Ich helfe Schwangeren über die Straße

und wertschätze gestörte Kinder und verbitterte Alte.

Ich vermeide Kokain und Legebatterien,

bewege mich in der Natur

und spende für den Regenwald.

Alle sollen sehen, dass ich ein guter Mensch bin,

dafür hinterlasse ich schweißperlend, gute Eindrücke.

Und manchmal erröte ich vor Stolz,

wenn ich in den Spiegel schaue

Außerdem liebe ich Wein, Weib und Gesang,

esse gerne fette Haxen,

lungere vor dem Fernseher rum,

pflege meine Süchte,

mache einen großen Bogen um die Arbeit,

tratsche über Nachbarn und Kollegen,

schwelge in Genüssen und Rachegelüsten,

spüre große Lust, gestörte Kinder und verbitterte Alte

an die Wand zu klatschen,

verprasse sinnlos meine Spendengelder

und bin leidenschaftlich

unchristlich, unsozial und undemokratisch.

Meist erröte ich in solchen Momenten etwas weniger,

genieße stattdessen das Prickeln trocknenden Schweißes.

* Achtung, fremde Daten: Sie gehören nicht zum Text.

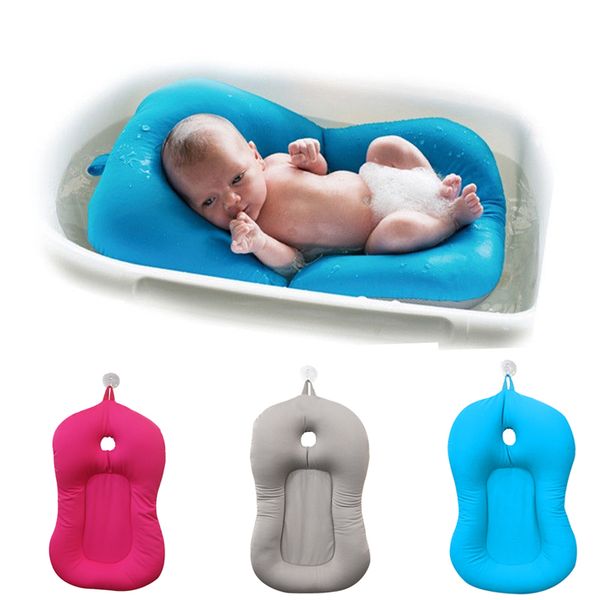 

baby bath racks newborn non-slip pad head protective soft kids shaping pillow hollow out pillows 37*57cm dropshipping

Immer dann, wenn ich begreife,

dass in mir Gott und Teufel, Heiliger und Hure wohnen,

wird aus dem Schweißprickeln ein Herzjucken,

weil das Herz sich ausdehnen will.

Dann beginne ich,

mich ein klein wenig zu verstehen und zu mögen,

ein erster kleiner Schritt,

andere zu verstehen und zu mögen.

Mich und andere nicht mehr zu belehren, zu reglementieren,

zu pädagogisieren, zu psychologisieren, zu theologisieren,

zu bewerten und zu beurteilen.

Ein erster kleiner Schritt.

Für heute erstmal genug.

Ich begreife,

dass das Eingestehen meiner Begierden, und Untugenden

der Weg ist, sie nicht mehr alle haben zu müssen.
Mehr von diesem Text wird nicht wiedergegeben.